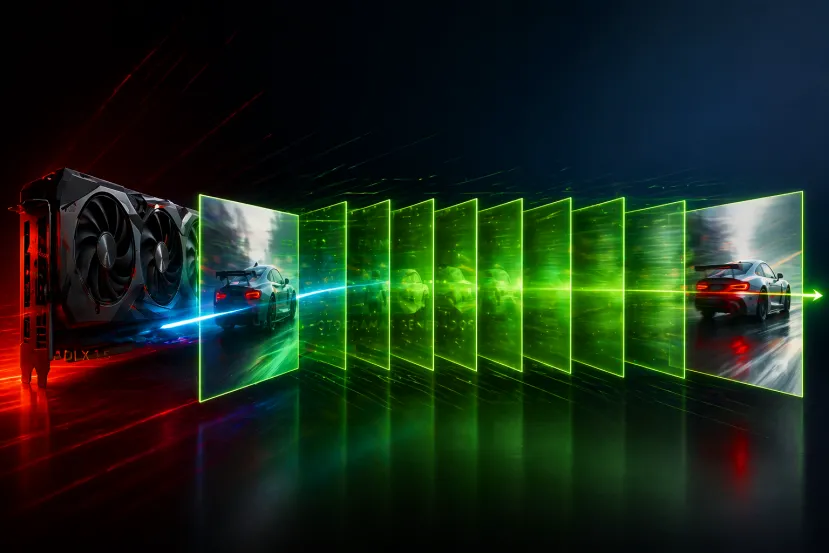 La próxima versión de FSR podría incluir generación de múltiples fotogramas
● ● ● ● ●
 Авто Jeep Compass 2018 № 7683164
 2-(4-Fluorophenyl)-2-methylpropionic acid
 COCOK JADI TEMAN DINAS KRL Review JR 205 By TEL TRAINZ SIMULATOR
● ● ● ● ●
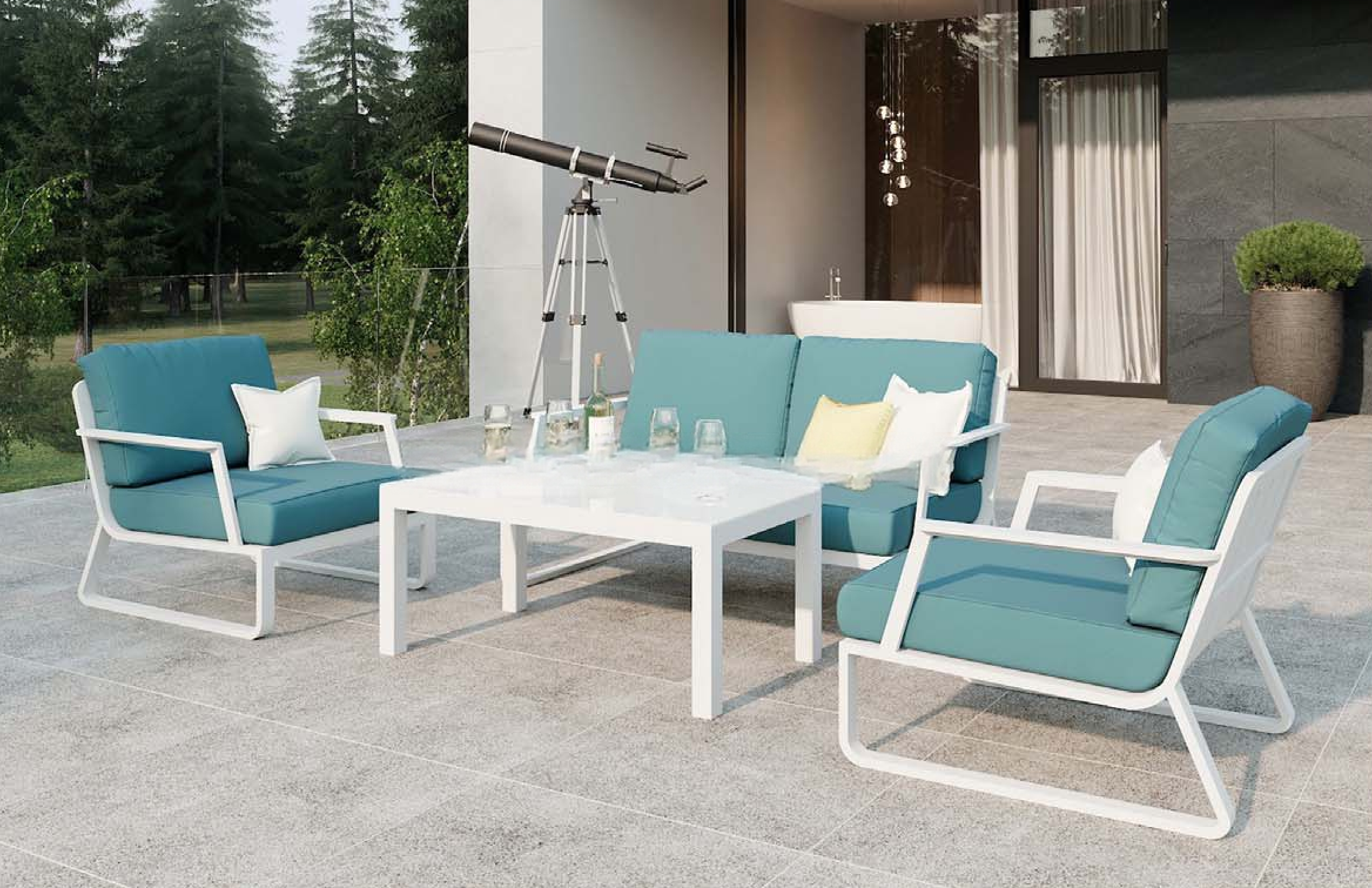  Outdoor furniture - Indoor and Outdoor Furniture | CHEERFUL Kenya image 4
● ● ● ● ●
## [WHAT IS REQUIRED]
Return, with no change at all, every line in the entries above from the line containing "2-(4-Fluorophenyl)-2-methylpropionic acid" through the line containing "COCOK JADI TEMAN".

## [OUTPUT FOR THIS EXERCISE]
 2-(4-Fluorophenyl)-2-methylpropionic acid
 COCOK JADI TEMAN DINAS KRL Review JR 205 By TEL TRAINZ SIMULATOR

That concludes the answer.